Kathleen [sic, should be Katharina] Pistor: The Code of Capital — John Emerson

In the aftermath of the 2007 crash Katharina Pistor“sought to discover what lay behind finance’s stupendous expansion in recent decades, and what accounted for its steep fall”. Her specialty is law, and her book is first of all about how “law has been put at the service of capital”, especially during the last two centuries (and above all in recent decades). Beyond that, she argues that capital is the product of law: “Most observers treat law as a sideshow, when it is the very cloth from which capital is cut.” (Some things in this book remind me of points made in Walter Karp’s 1993 Indispensable Enemies about the role of government in capital creation).

Pistor’s book is pretty demanding, but it was written for a non-specialist public and is one of the best works of “popularization” that I have ever read. It’s well-organized and well-written enough that rather than reviewing it, I just cite key passages in hopes that people will want to read the whole thing....

This type of analysis emphasizes the institutional basis of economics and finance and casts shade on the assumption of naturalism that underlies conventional economic assumptions and its approach to model-building. MMT is grounded in institutional economics and like other heterodox schools it rejects the naturalistic assumption in economics for an historical approach.

Epigrues
Kathleen [sic, should be Katharina] Pistor: The Code of Capital
John Emerson

3 comments:

Matt Franko said...

“ In the aftermath of the 2007 crash Katharina Pistor“sought to discover what lay behind finance’s stupendous expansion in recent decades, and what accounted for its steep fall”.
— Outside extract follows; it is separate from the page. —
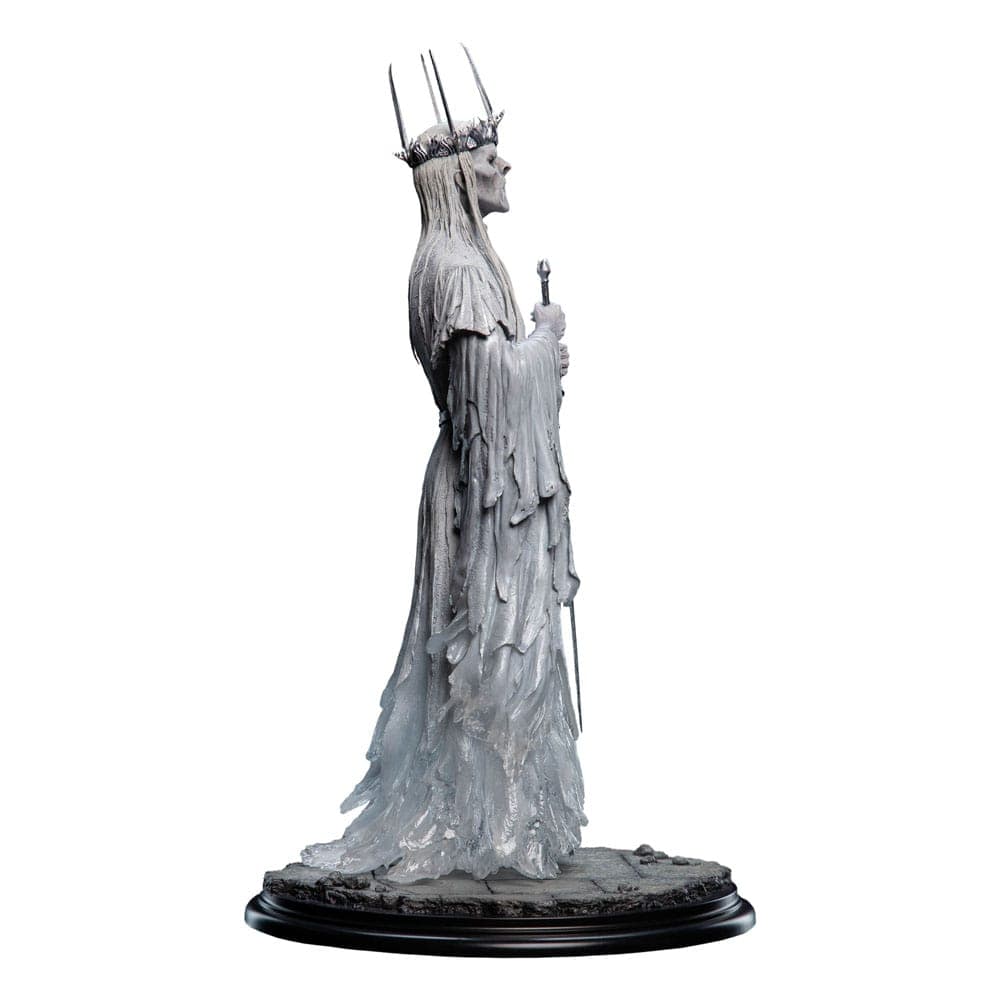 Miniature 6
It was mal-regulation by the unqualified authorities in the Central Bank … always is…

btw C = A - L

She is borderline reifying an abstraction of Accounting here…

Calgacus said...

Sounded like she was following in the vein of John Commons' The Legal Foundations of Capitalism. Checked the book and seems to be the case. Katharina, not Kathleen as in the title of this blogpost and the source.

Tom Hickey said...

Thanks Calgacus. I added [sic, should be Katharina].